In most sports nothing affects performance more than the ability to see clearly and correctly. Whether an athlete is tracking a fly ball, returning a serve or throwing a pass, it is his eyes that lead his body.
Until recently most athletes took their eyesight for granted. But according to Dr. James Carlson, chairman of the American Optometric Association's Sports Vision Section, some 3,000 optometrists now work with athletes, from peewees to Olympians to pros.
The most obvious way that optometrists help is by prescribing aids for athletes to wear: corrective lenses, lenses tinted for various light conditions, goggles made of transparent polycarbonate for eye protection.
But beyond that, optometrists are also training athletes' visual systems to perform better. Dr. Alan Reichow, who works with at least 70 athletes each year at Pacific University in Forest Grove, Ore., says that although athletes generally see better than non-athletes, even they have room for improvement. "If an athlete is motivated and you challenge him with visual drills clearly relevant to his sport, his athletic performance will improve," says Reichow. "I have yet to see an exception."
Sports vision specialists still begin with the familiar eye-chart test, but this only gauges an athlete's static vision—the ability of a stationary person to see a stationary object. Going further, they also test the complementary skills in an athlete's visual system, from the ability to recognize a situation instantly and react to it swiftly, to the ability to shift focus quickly and accurately, or to track moving objects and judge their distance, speed and direction. In the new Vision Testing and Performance Laboratory at the U.S. Olympic Training Center in Colorado Springs, an athlete in a visually demanding sport like baseball may undergo as many as 45 different tests.

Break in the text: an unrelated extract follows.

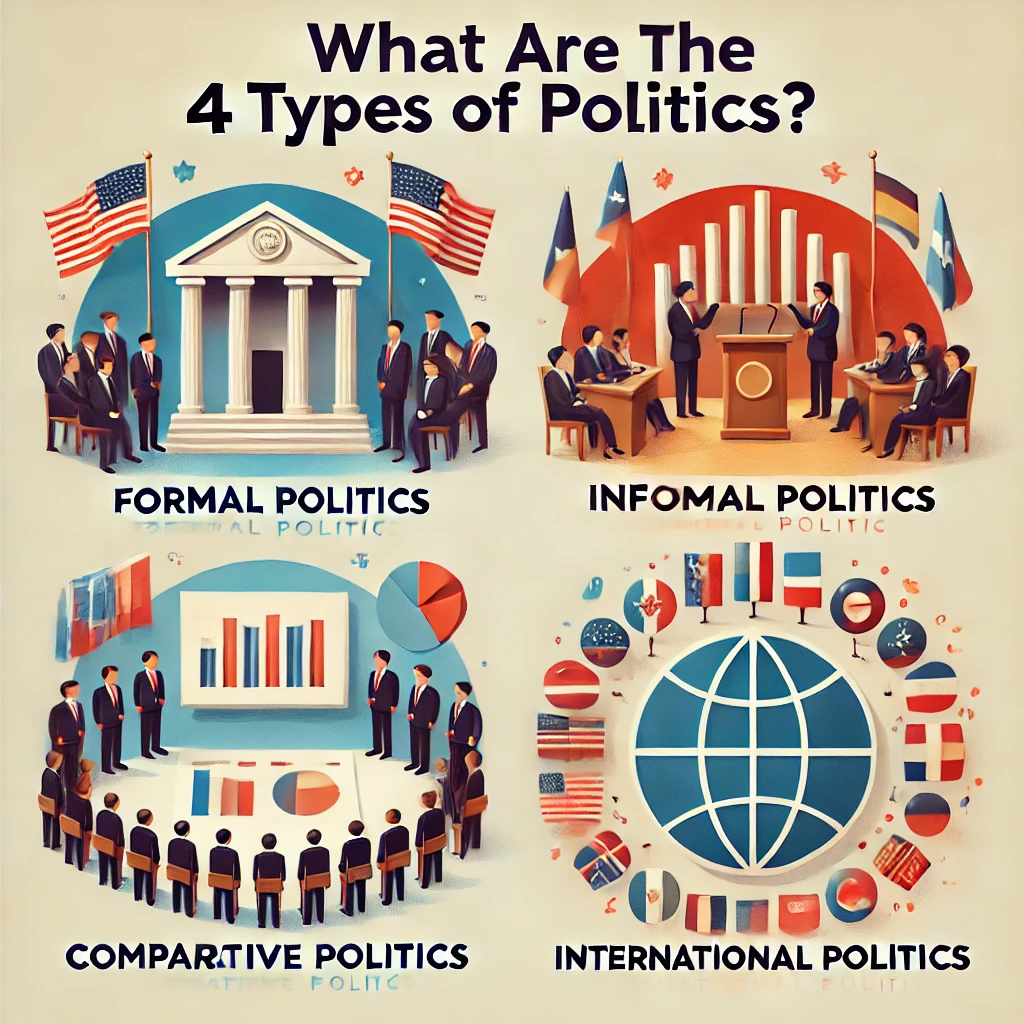 four types of A-level Politics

Next the optometrist supervises drills. His emphasis is twofold: to enhance the entire range of visual skills, and to correct any significant visual shortcomings.
Dr. William Harrison of Laguna Beach, Calif., one of the first optometrists to work with athletes, gives three examples of how their needs and training can differ:
?"At the Kansas City Royals' baseball academy back in 1971, I examined an 18-year-old kid named George Brett. He had hit pretty well in rookie ball, but he had a serious handicap.
"Every time George blinked, that slight visual disruption caused him to have blurred or double vision for a split second afterward. He compensated by staring, and he walked around with eyes as big as silver dollars. But it was impossible to do this all through a game.
"I had him wear polarized glasses and use a vectogram—a device with two polarized pictures that you view at arm's length. George had to separate the pictures manually in various directions, while making his eyes and brain fuse them into one perfect, three-dimensional picture. After only two weeks of daily half-hour drills, his eyes worked so well together that blinking no longer impaired his vision.